[What to do]: Instruction for the data below: set down exactly the lines from the line with "Resistance Chest Expander" to the line with "M YUME SCOOTER", inclusive, and no others.

[Given entries]:
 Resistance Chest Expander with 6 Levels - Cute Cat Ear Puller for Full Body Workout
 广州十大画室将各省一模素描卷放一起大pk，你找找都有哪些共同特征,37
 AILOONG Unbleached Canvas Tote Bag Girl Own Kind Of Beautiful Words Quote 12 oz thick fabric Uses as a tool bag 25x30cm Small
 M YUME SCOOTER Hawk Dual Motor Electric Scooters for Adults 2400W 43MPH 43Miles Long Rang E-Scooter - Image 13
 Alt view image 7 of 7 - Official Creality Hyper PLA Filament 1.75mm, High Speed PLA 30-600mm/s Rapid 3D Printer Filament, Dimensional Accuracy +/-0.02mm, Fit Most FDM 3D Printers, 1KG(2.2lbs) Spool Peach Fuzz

==

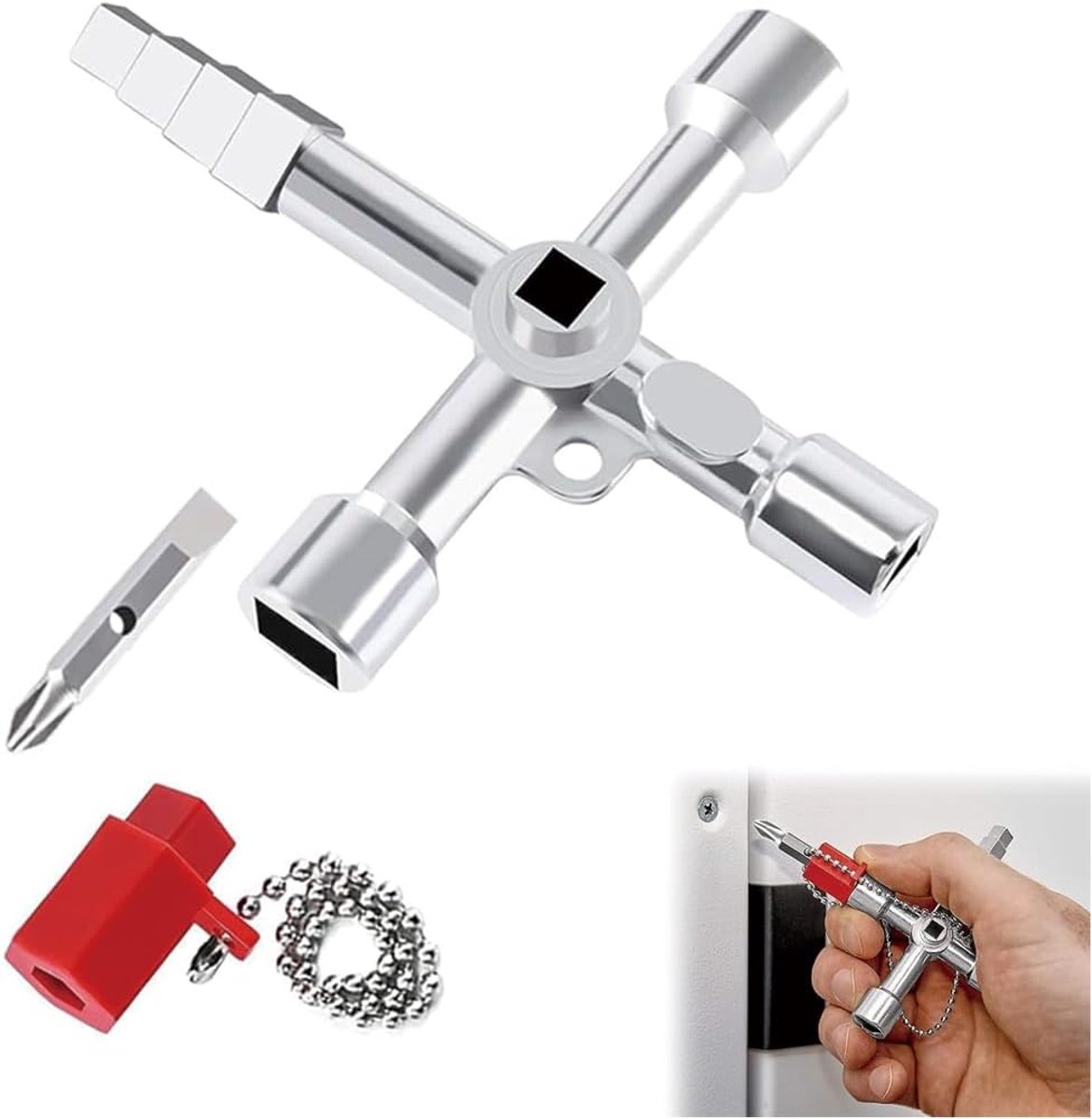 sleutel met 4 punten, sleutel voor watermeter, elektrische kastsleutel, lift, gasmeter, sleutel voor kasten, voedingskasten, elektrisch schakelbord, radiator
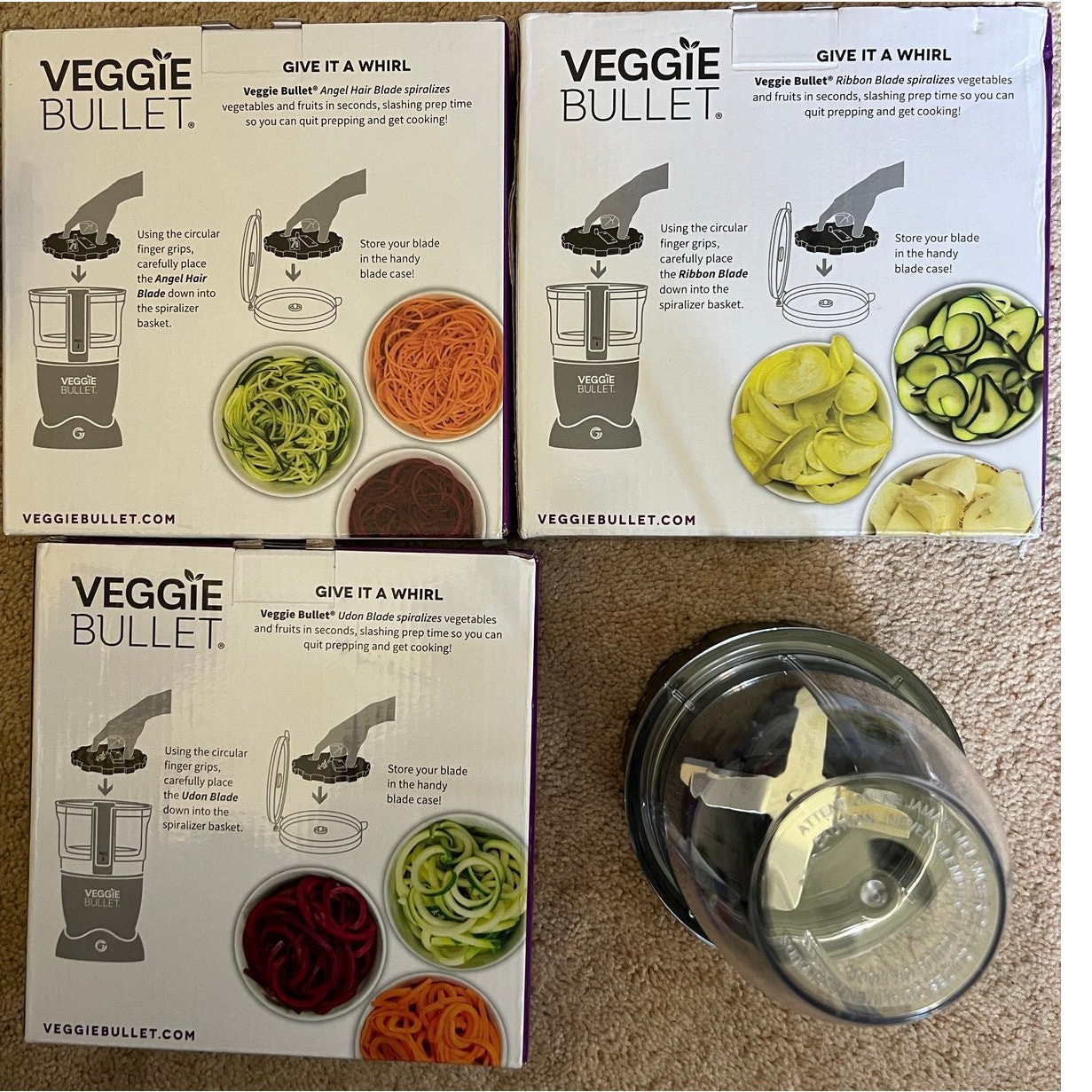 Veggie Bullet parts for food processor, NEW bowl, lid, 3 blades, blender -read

[Expected answer]:
 Resistance Chest Expander with 6 Levels - Cute Cat Ear Puller for Full Body Workout
 广州十大画室将各省一模素描卷放一起大pk，你找找都有哪些共同特征,37
 AILOONG Unbleached Canvas Tote Bag Girl Own Kind Of Beautiful Words Quote 12 oz thick fabric Uses as a tool bag 25x30cm Small
 M YUME SCOOTER Hawk Dual Motor Electric Scooters for Adults 2400W 43MPH 43Miles Long Rang E-Scooter - Image 13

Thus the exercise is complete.